Keith makes funny Keith-sounds. He sighs a lot. That’s how it is when you get older. We’re lucky no one passes wind. Check out a Marlins or Nationals broadcast — you’ll be running back to GKR faster than Usain Bolt.
Seems like a slight case of lèse-majesté to me.
Otherwise, what Seth said. Some years back you could only get the home team’s broadcast on MLB.tv, and I am still so scarred from the experience that to this day I want to punch the wholly disagreeable F.P. Santangelo through the eye of a needle.
With all this talk about Mets batting instructor Chili Davis’ supposed ineffectiveness and the team’s recent collective “anxiety,” WFAN’s Sal Licatta quipped, “that instead of Chili Davis, maybe the Mets should consult with Dr. Jennifer Melfi?”
Come to think of it, frequent NY Mets WFAN caller “Joe from Clark,” might want to make an appointment with the estimable Dr. Melfi in nearby Caldwell, NJ himself. I don’t want to say that Joe repeatedly complains about the Mets with so much angst and agita, but the late, great “Doris from Rego Park” and “John from Sandy Hook” would probably tell Joe to chill-out and have a Rheingold Beer or two to calm down.
Largely ignored when it happened, and totally ignored in all the reports I read today, is Dominic Smith’s complete butchering of a very catchable ball, resulting in a double which became the only run scored. In a nutshell — let alone the slumbering bats — it was THE REASON we lost last night.

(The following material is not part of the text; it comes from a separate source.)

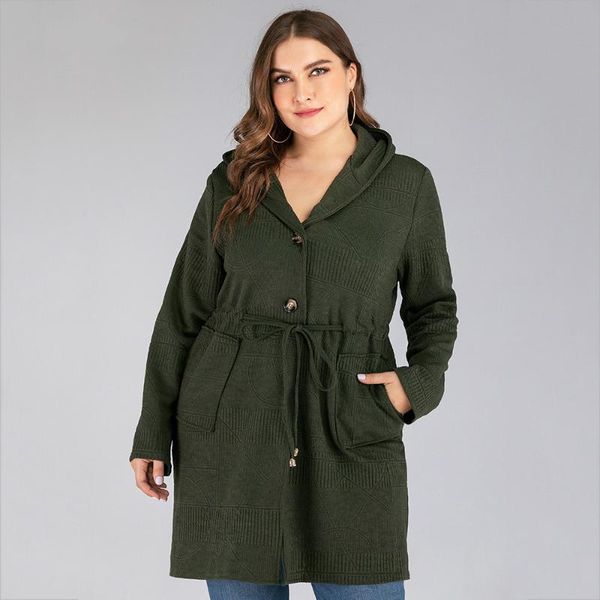 

women's jackets 4xl 5xl plus size women hooded drawstring high waist pockets loose casual long sleeve knitted sweater coats ta5714, Black;brown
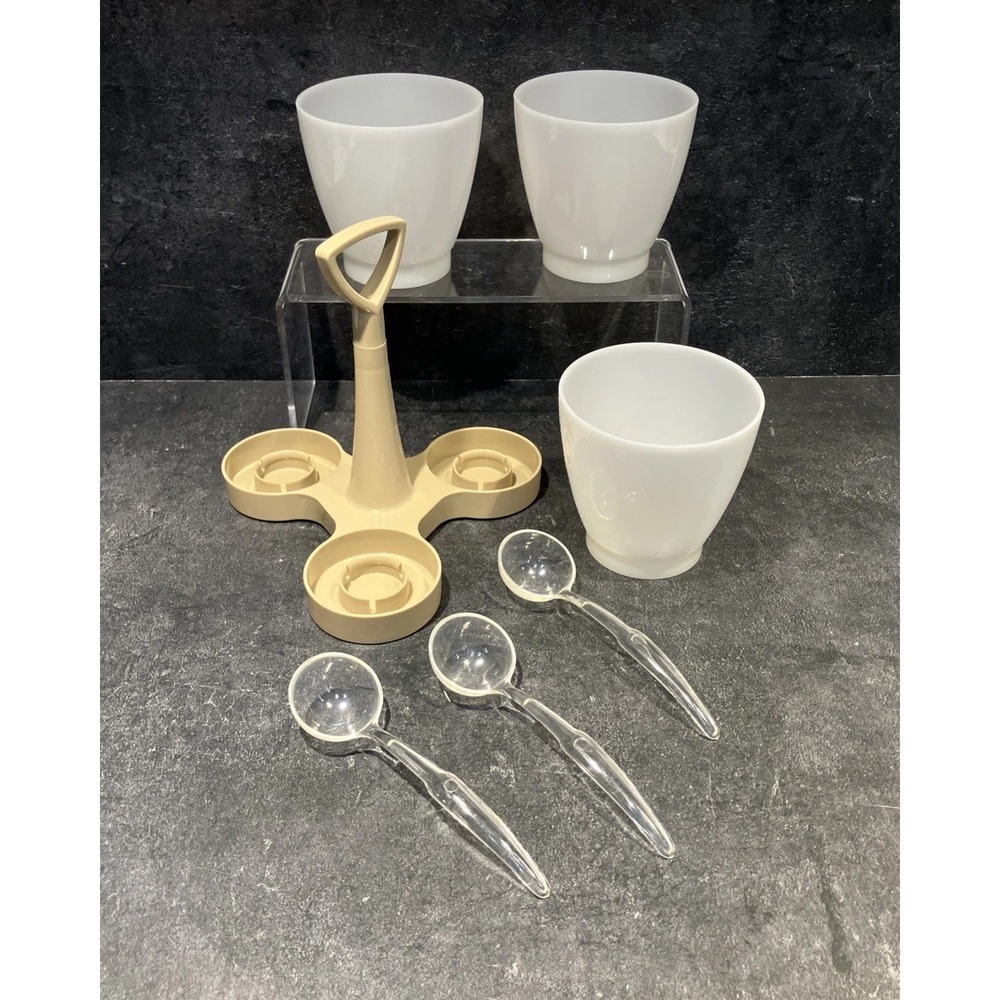 70s Tupperware Condiment Caddy 757 Almond Base Bowls Spoons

Question to all my Met fan brethren out there: Can we truly expect to be a good ballclub — perhaps a club which can win it all (gasp!!) — with a first baseman playing left field most of the time? Or, if that isn’t problematic enough, how about the personification of a DH playing third base?
Speaking of Smith, that sliding, sort of backhand, sidehand catch he made later in the game was perhaps the shakiest catch of a soft hit liner to left I have probably ever seen!!
Sheeesh!!!
Yeah, I caught that (no pun intended). I am not a baseball player, but that looked like a ball that a pro outfielder should have handled.
The Mets right now remind me of the pre-Cespedes, Johnson, and Uribe trades, Conforto call-up, Wright comeback 2015 Mets: solid pitching, anemic hitting. Except the hitting is worse this time. This season so far, most every opposing starter has been Kershaw and most every Mets batter has been Mayberry batting clean-up.
It’s not just 19 games of futility. It’s 19 + the 60 games of the same futility last season with mostly the same players. That’s a decent-sized sample.
As for chronically wasting precious Cy-Grom starts with extraordinary displays of futility, that has a big sample size of 3+ seasons. It deserves the ire of Mets fans and the mockery of the baseball world.
I wonder if Smith, as an elite first baseman, would be better off in right field as far as reading and reacting to balls off the bat. McNeil has talked about being relatively comfortable in RF for that reason as a second baseman. Smith doesn’t have the arm for RF (or LF for that matter), so the Mets would need to compensate for that, but catching the ball is the priority.
Is “non-scoring nonsense” a double negative? :-)
I like Dom and JD, but they need to be traded to teams who can make better use of their talents, for players who fit our needs more closely. That’s how most teams make deals, and how the Mets (until recently) mostly haven’t.
Suggestion: hire a hitting coach who will teach them not to swing at low, outside sliders.
As one who remembers Keith Hernandez from his playing days, he can make Keith-sounds til the cows come home, for all I care. We owe him.